В Черновцах 15 июня начался второй украинский фестиваль зрительского кино "Миколайчук open". Одной из его наиболее заметных премьер стал показ черной комедии Леона Прудовского "Мой сосед Адольф" (Израиль – Колумбия – Польша).
Место действия – некая южноамериканская страна в 1960 году (съемки проходили в Колумбии). Главный герой мистер Польски (Дэвид Хэйман) – одинокий и сварливый старик, переживший Холокост. Однажды он начинает всерьез полагать, что его новый сосед, седой бородач мистер Херцог (Удо Кир) – настоящий Адольф Гитлер. Мистер Польски рассказывает о своем открытии окружающим, идет в израильское консульство, не будучи принятым всерьез, он решает начать самостоятельное расследование. Ради поиска доказательств герой Хэймана даже завязывает дружбу с подозреваемым, что кладет начало цепочке смешных и абсурдных ситуаций.
Леон (Леонид) Прудовский родился в Ленинграде и репатриировался в Израиль в возрасте 13 лет. В 2004 году окончил Тель-Авивский университет, факультет кино и телевидения. Его дипломная "Темная ночь" номинирована на студенческую премию "Оскар", а полнометражный дебют "В пяти часах от Парижа" победил на кинофестивалях в Хайфе, Неаполе и Ницце.

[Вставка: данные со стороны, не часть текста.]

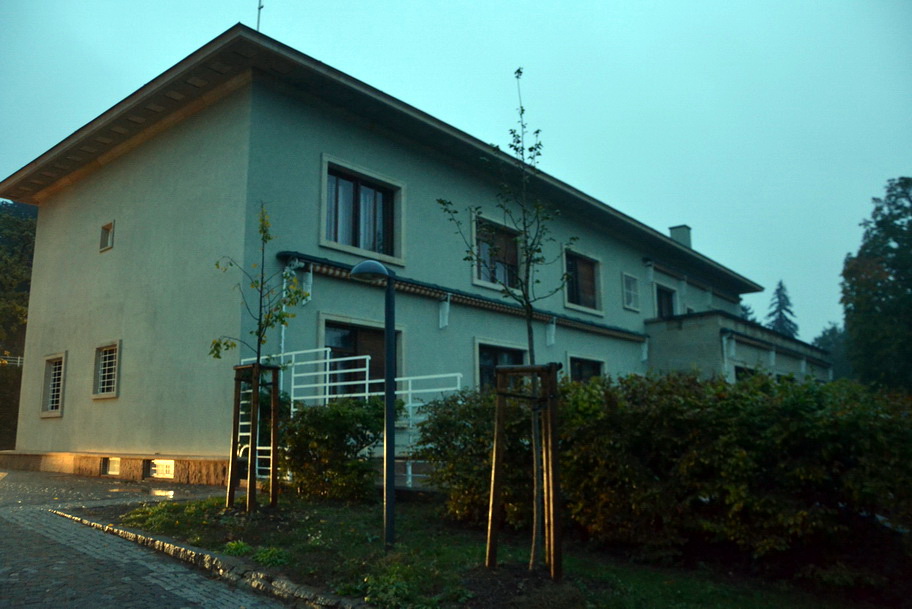 Vecer_vila-Stiassni_Vespera_0001_exposure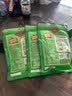 桥头重庆五香粉蒸肉米粉肉粉蒸排骨调料微微辣220g*3家用食用套装 实拍图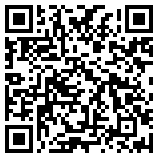 QR Code for Fireline Engineering in Simi Valley, CA 93065
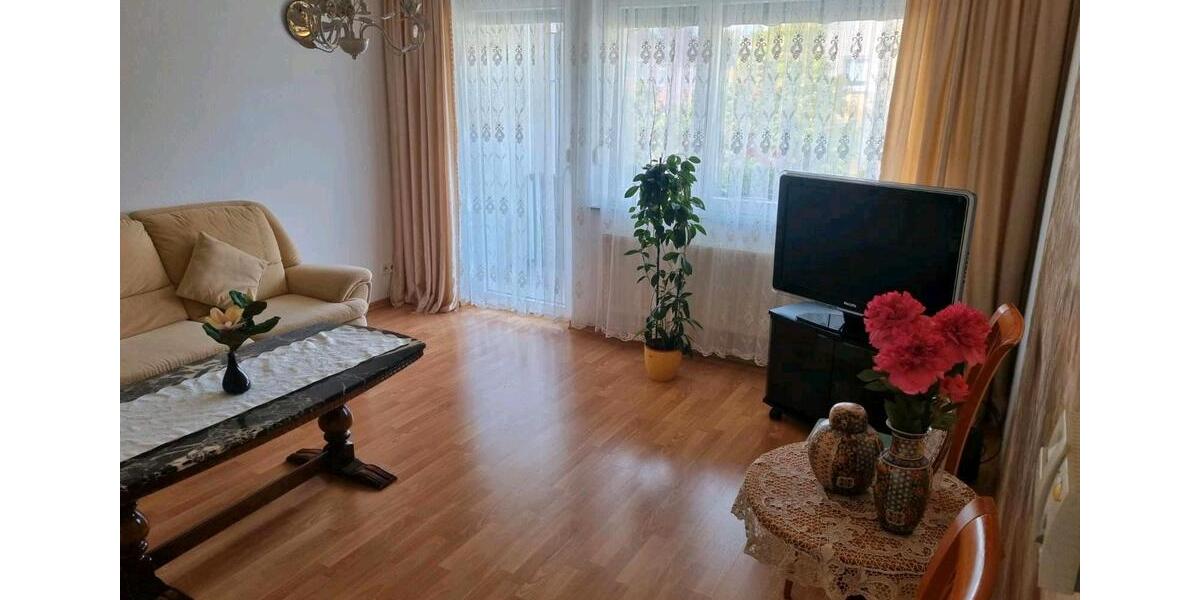 Etagenwohnung Nürtingen - 5 Zimmer, 98 m&sup2;, 410.000&euro; | Angebot:26958112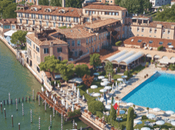 Cipriani, Belmond Hotel, Venise Couronné Meilleur Hôtel Monde 2023 LISTE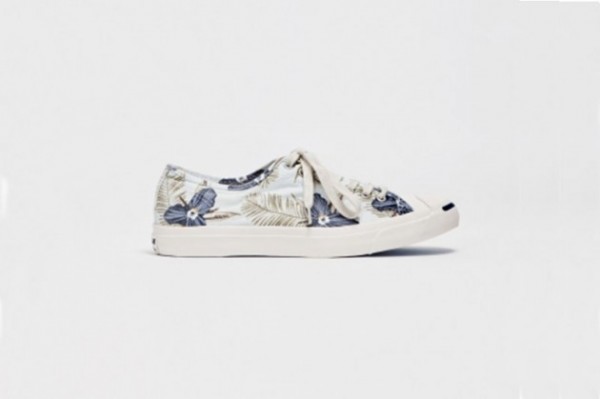 jack-purcell-converse-floral-1-630x419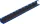 BGS technic Mágneses tartó 3/8"-os dugókulcs fejekhez (BGS 3011-2)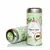 Kakaové boby BIO Naturalis, 250 g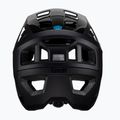 Cyklistická přilba Leatt MTB Enduro 4.0 V23 stealth 6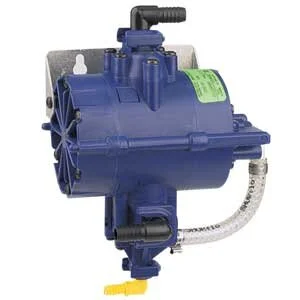 howdybrewer12153803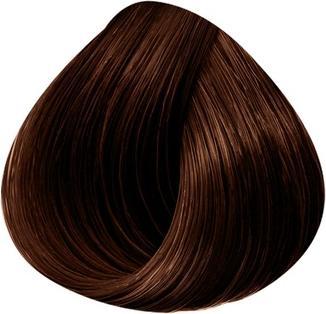 L'Oréal Paris Loreal DIA Color 5,8 Hellbraun Mokka 60 ml (5.8 Hellbraun Mokka)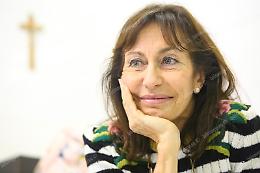 Tutte le sfide di Laura Calissoni Colnaghi: dal legame con Aprilia fino alle trattative del sequestro Bulgari nel 1983
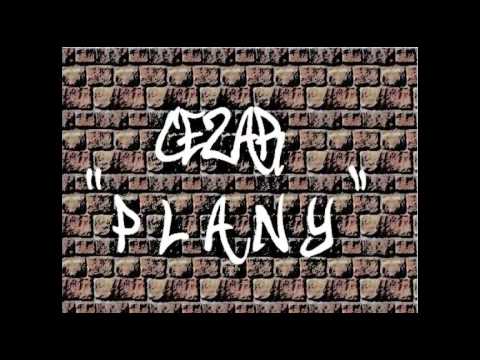 CezaR-Kilka słów o czymś ważnym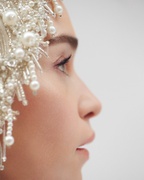 emilia-clarke-for-harper-s-bazaar-uk-december-2023-january-2024-5.jpg
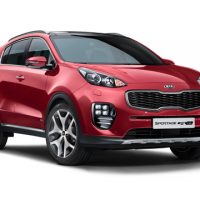 kia_sportage_gt_line_my16_body_color_infra_redaa1_7946_42699_2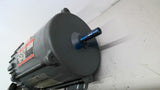 Dayton 6K034N 1/4HP AC Motor 1800RPM 4P Single Phase 56 115V 60HZ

Мы поговорили с Леоном об израильских таксистах, уместности комедий про Холокост и инфантилизме Удо Кира.
– Начнем с вашего фильма "Темная ночь", благодаря которому вы стали известным. Там израильские солдаты прячутся от палестинских боевиков и берут в заложники мирного палестинца. Были ли среди зрителей те, кто счел его сюжет провокационным?
– Но это не было провокацией. Поэтому “Темная ночь” не вызвала скандального резонанса. Напротив, мы были номинированы на студенческий "Оскар", получили упоминание жюри на Венецианском кинофестивале. Это история о том, как вы можете найти общий язык. Язык – просто речь, как у нас с вами, потому что мы оба говорим по-английски, или метафора для понимания друг друга? Это моя постоянная тема во всем, что я снимал с тех пор.
– Ваш полнометражный дебют "В пяти часах от Парижа" выдержан в совершенно ином настроении. Там очень трогательный герой, этакий душевный таксист. Он имеет какого-то реального прототипа?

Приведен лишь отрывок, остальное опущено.